- _WORK TO BE COMPLETED_: Shown below are entries with pictures; the line with "Bunte Ballons Party Design Leinwanddruck" through the line with "Knurled Buffet Lamp Bronze" is the span to retype exactly, and the pictures stay out.

MATERIAL TO PROCESS Block Start

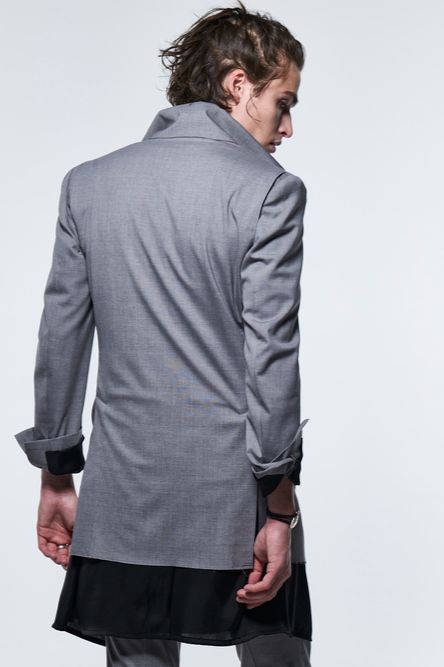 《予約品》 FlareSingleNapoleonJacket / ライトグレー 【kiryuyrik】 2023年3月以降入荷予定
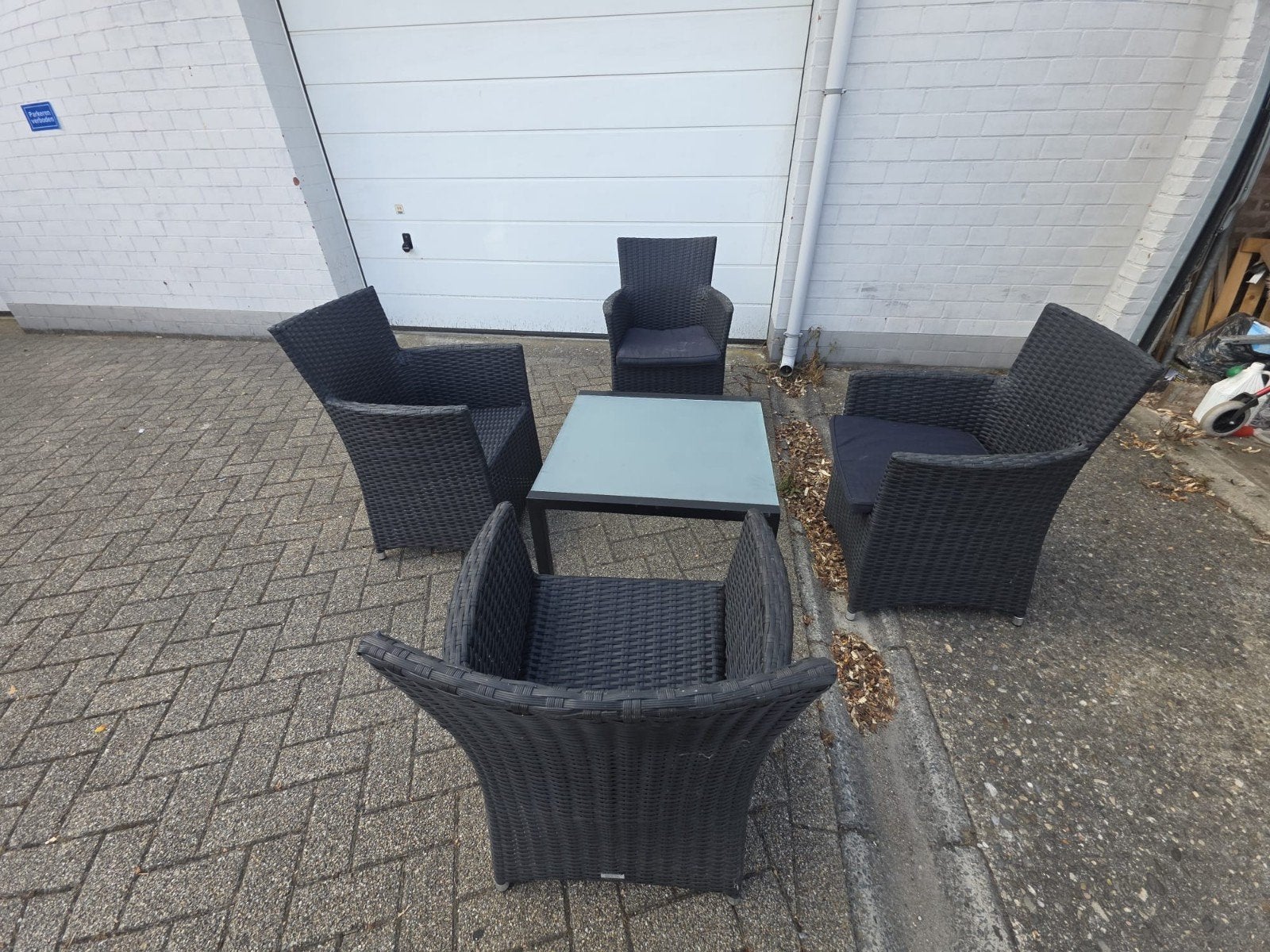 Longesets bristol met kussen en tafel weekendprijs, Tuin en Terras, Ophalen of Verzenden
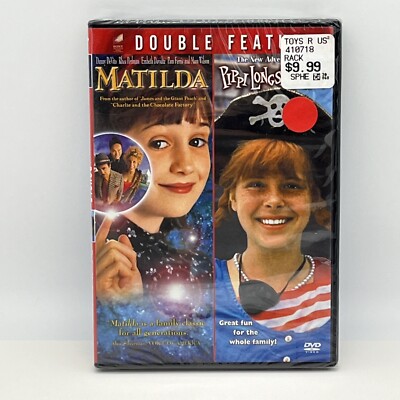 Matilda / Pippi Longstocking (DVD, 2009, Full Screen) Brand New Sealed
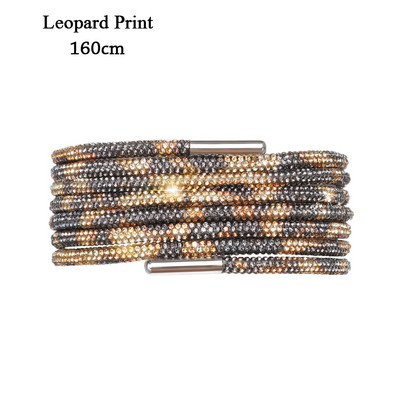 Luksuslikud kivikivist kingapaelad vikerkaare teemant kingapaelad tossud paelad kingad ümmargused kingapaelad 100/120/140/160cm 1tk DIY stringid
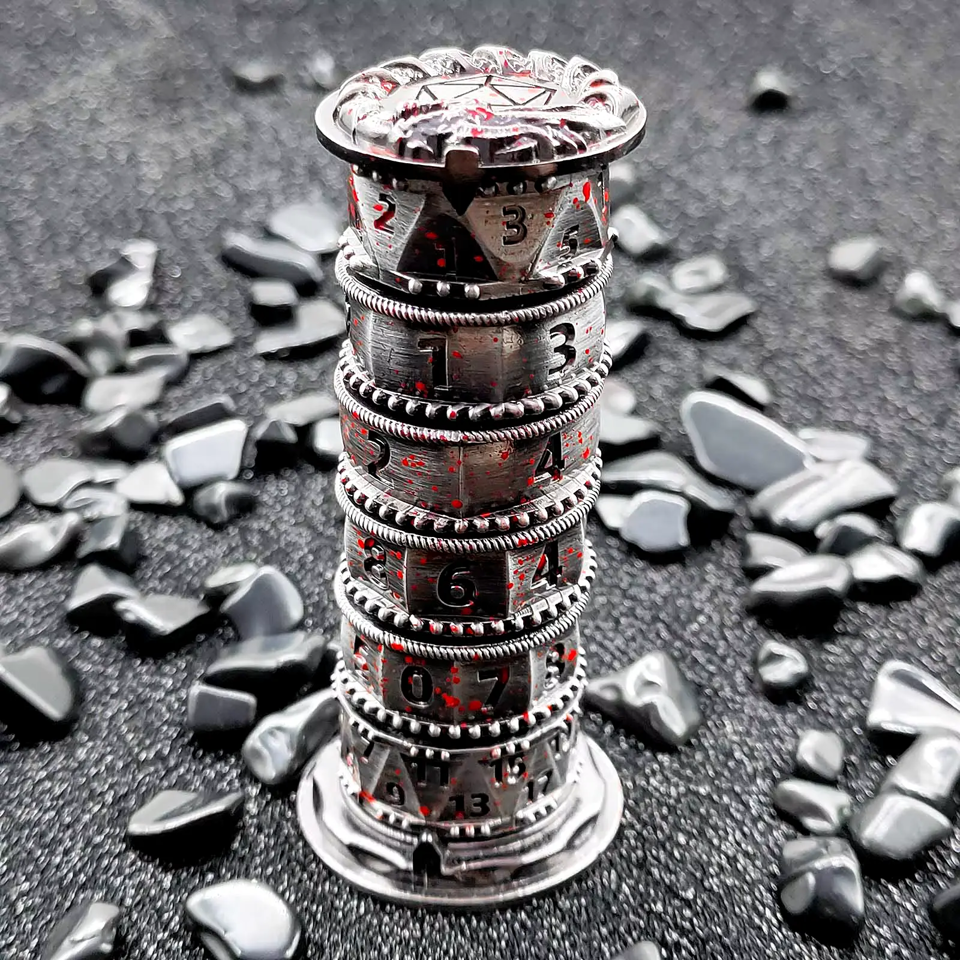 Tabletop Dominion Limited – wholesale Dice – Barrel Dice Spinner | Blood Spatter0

MATERIAL TO PROCESS Block End
MATERIAL TO PROCESS Block Start

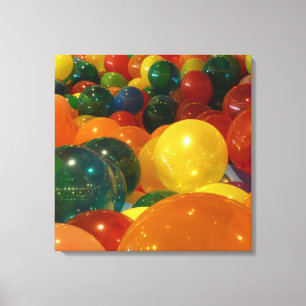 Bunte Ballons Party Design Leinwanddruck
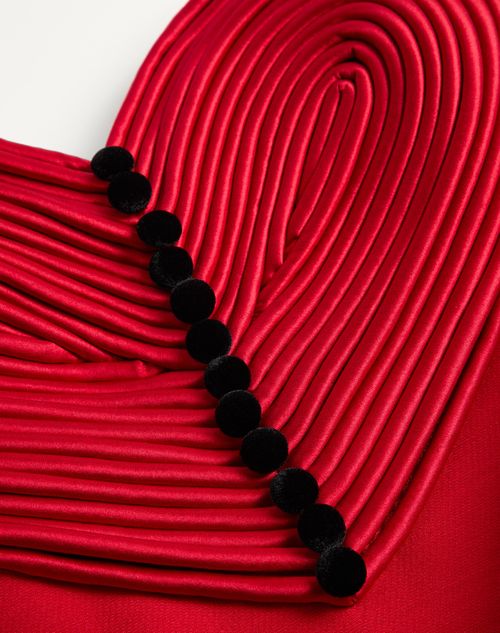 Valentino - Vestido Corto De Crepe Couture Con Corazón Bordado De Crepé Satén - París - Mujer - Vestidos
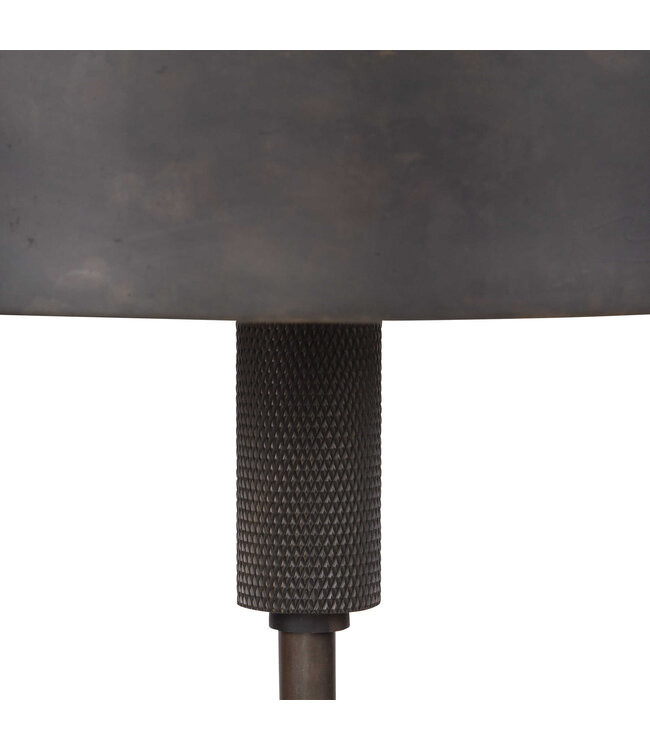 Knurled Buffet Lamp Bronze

MATERIAL TO PROCESS Block End

- _EXPECTED ANSWER_:
 Bunte Ballons Party Design Leinwanddruck
 Valentino - Vestido Corto De Crepe Couture Con Corazón Bordado De Crepé Satén - París - Mujer - Vestidos
 Knurled Buffet Lamp Bronze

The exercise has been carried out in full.